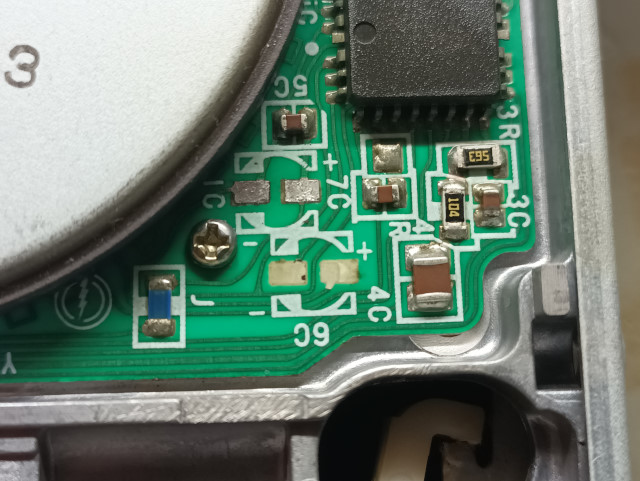 Mistake to avoid when unsoldering electronic parts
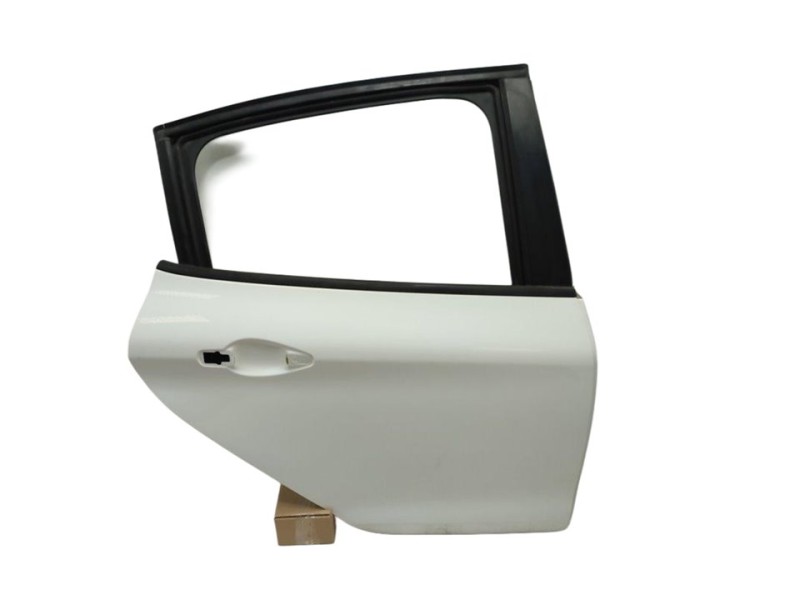 Recambio de puerta trasera derecha para peugeot 208 active referencia OEM IAM 9671907480  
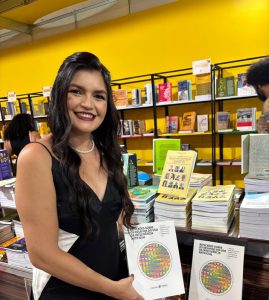 Foto: Larissa Silvestre/arquivo pessoal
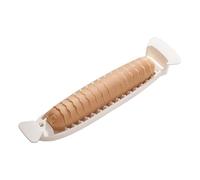 Hot Dog Press - Taille Saucisses En Forme De Poisson,Outil de Cuisine pour Couper Saucisses BBQ Camping Pique-nique Extérieur Jardin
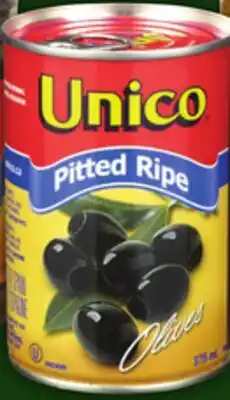 Food Basics VITA SANA TARALLI OR UNICO OLIVES OR CAPERS offer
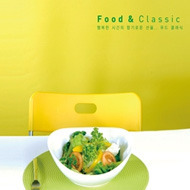 V.A. / Food &amp; Classic (3CD, 홍보용, 미개봉)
------------------------------------------------------------------------
### EXERCISE
Exactly as they appear, repeat the lines from the one containing "Foto: Larissa Silvestre/arquivo pessoal" through the last line of the entries, counting both ends. Pictures stay out.

### OUTPUT BELOW
 Foto: Larissa Silvestre/arquivo pessoal
 Hot Dog Press - Taille Saucisses En Forme De Poisson,Outil de Cuisine pour Couper Saucisses BBQ Camping Pique-nique Extérieur Jardin
 Food Basics VITA SANA TARALLI OR UNICO OLIVES OR CAPERS offer
 V.A. / Food &amp; Classic (3CD, 홍보용, 미개봉)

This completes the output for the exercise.